Task description —
Find the line with "2023 Kia Seltos S" in the entries below, then output every line from it down to the line with "Apartment Monfiorenzo 1551", exactly and with no pictures.

===== Source material =====

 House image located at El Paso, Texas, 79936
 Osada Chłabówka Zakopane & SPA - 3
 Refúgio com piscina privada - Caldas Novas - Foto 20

=====
===== Source material =====

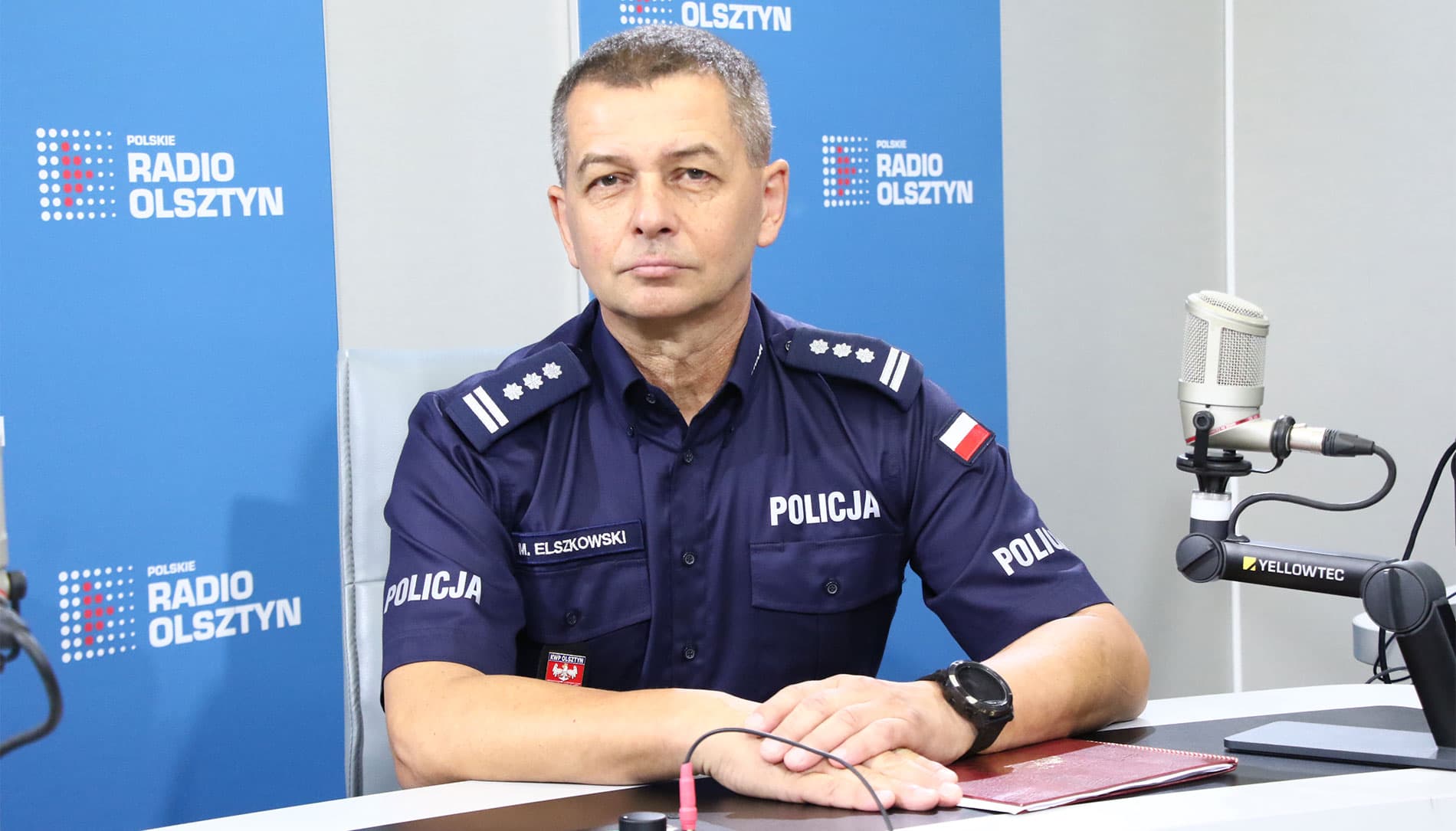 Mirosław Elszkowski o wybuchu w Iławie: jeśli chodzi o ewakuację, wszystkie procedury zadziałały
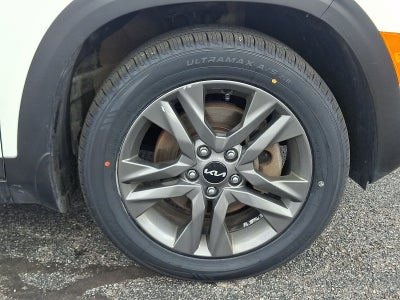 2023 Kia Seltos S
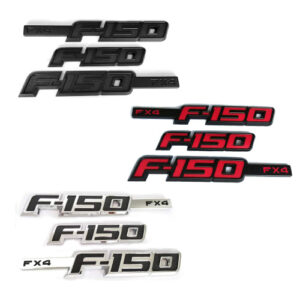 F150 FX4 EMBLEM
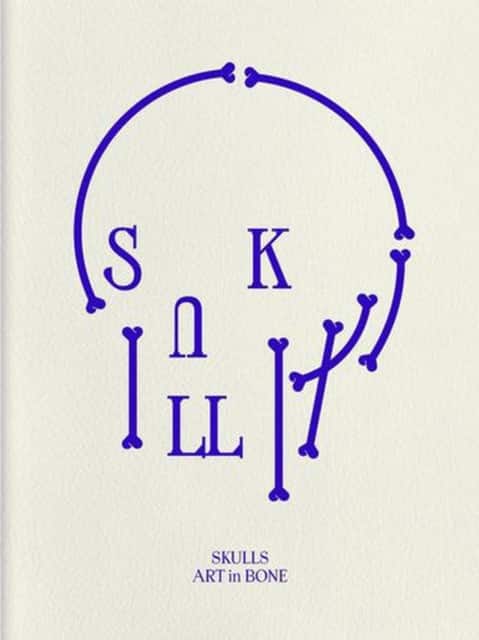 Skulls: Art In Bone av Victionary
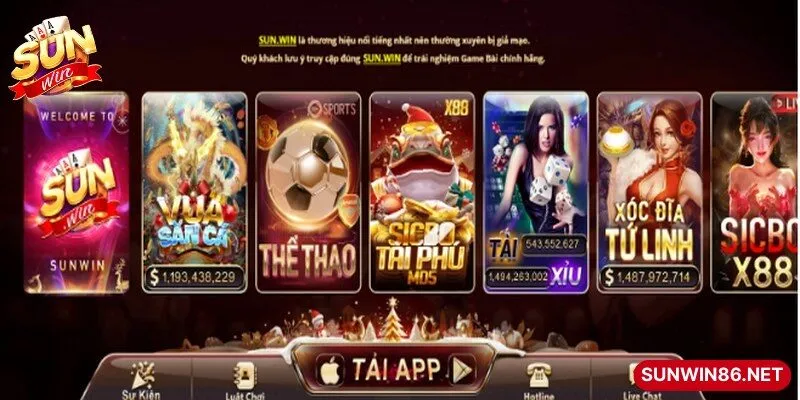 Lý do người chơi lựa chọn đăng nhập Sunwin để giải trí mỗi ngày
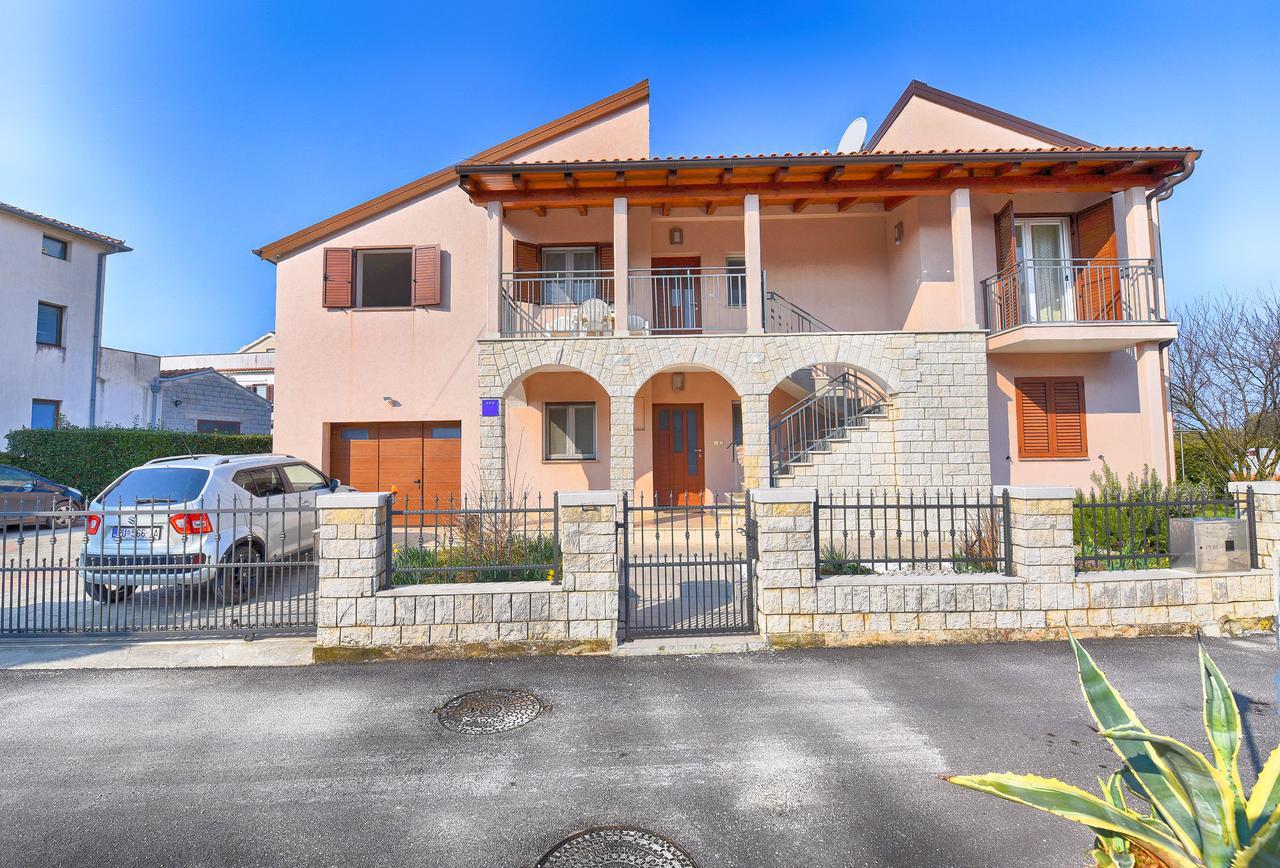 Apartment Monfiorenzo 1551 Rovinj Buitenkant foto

=====
===== Source material =====

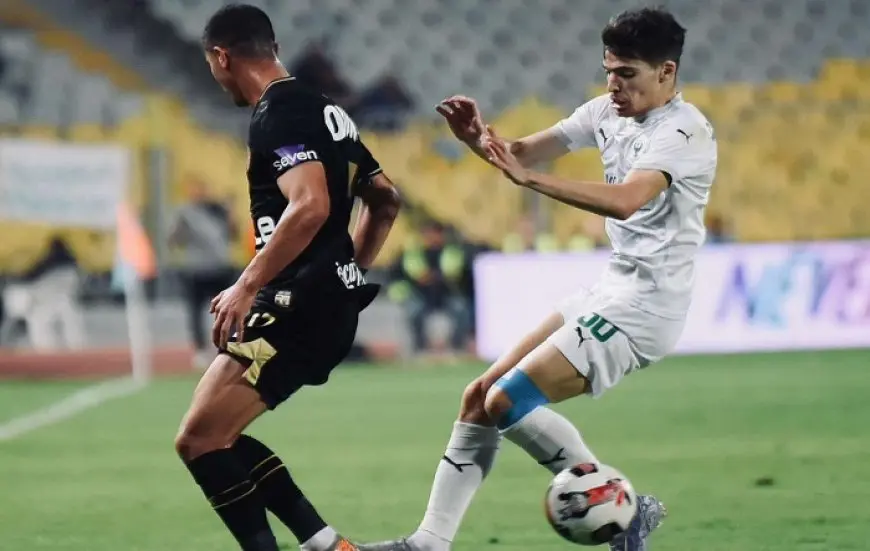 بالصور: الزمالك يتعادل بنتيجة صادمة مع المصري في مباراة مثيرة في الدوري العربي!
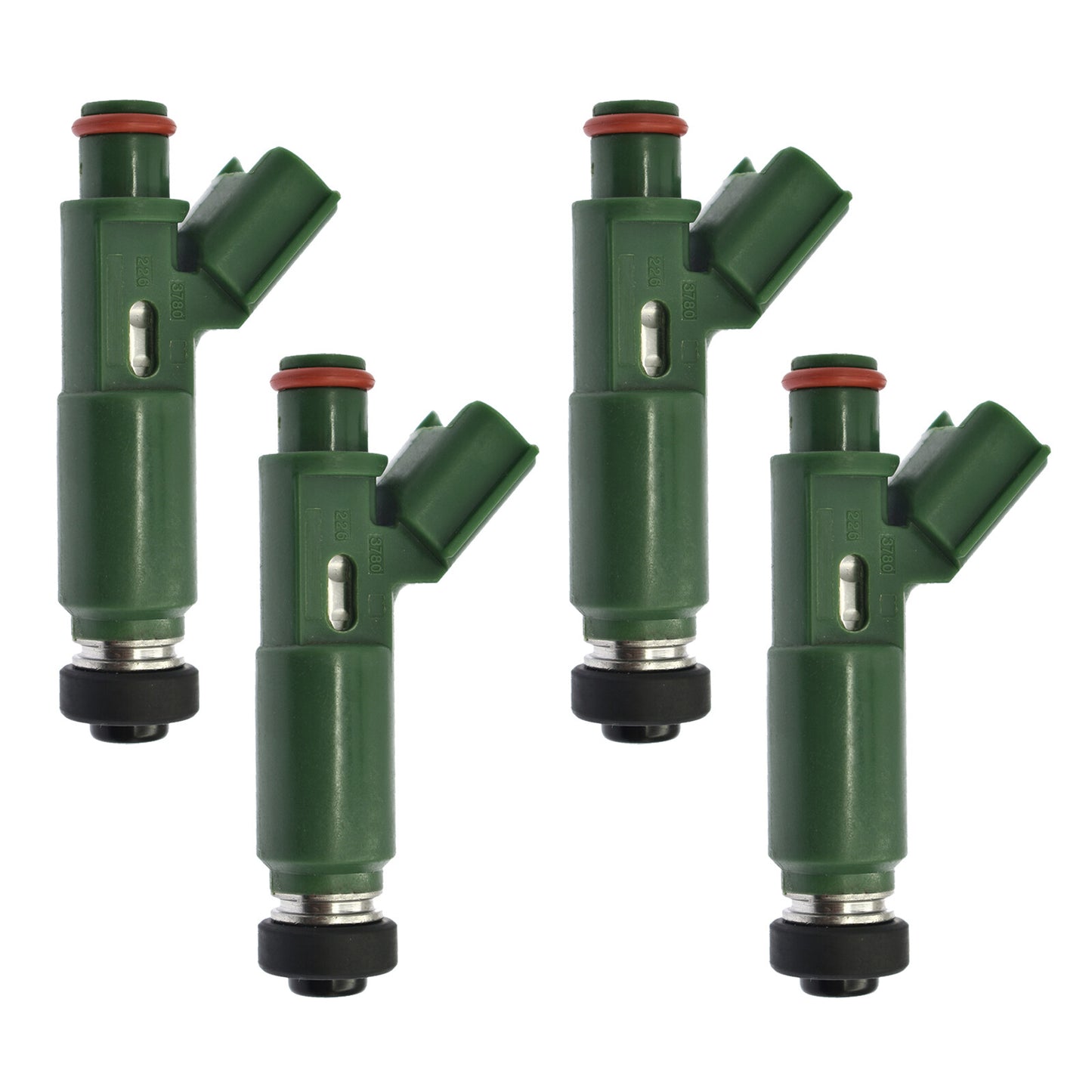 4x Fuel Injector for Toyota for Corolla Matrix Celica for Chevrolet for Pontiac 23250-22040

=====

Output for this task —
 2023 Kia Seltos S
 F150 FX4 EMBLEM
 Skulls: Art In Bone av Victionary
 Lý do người chơi lựa chọn đăng nhập Sunwin để giải trí mỗi ngày
 Apartment Monfiorenzo 1551 Rovinj Buitenkant foto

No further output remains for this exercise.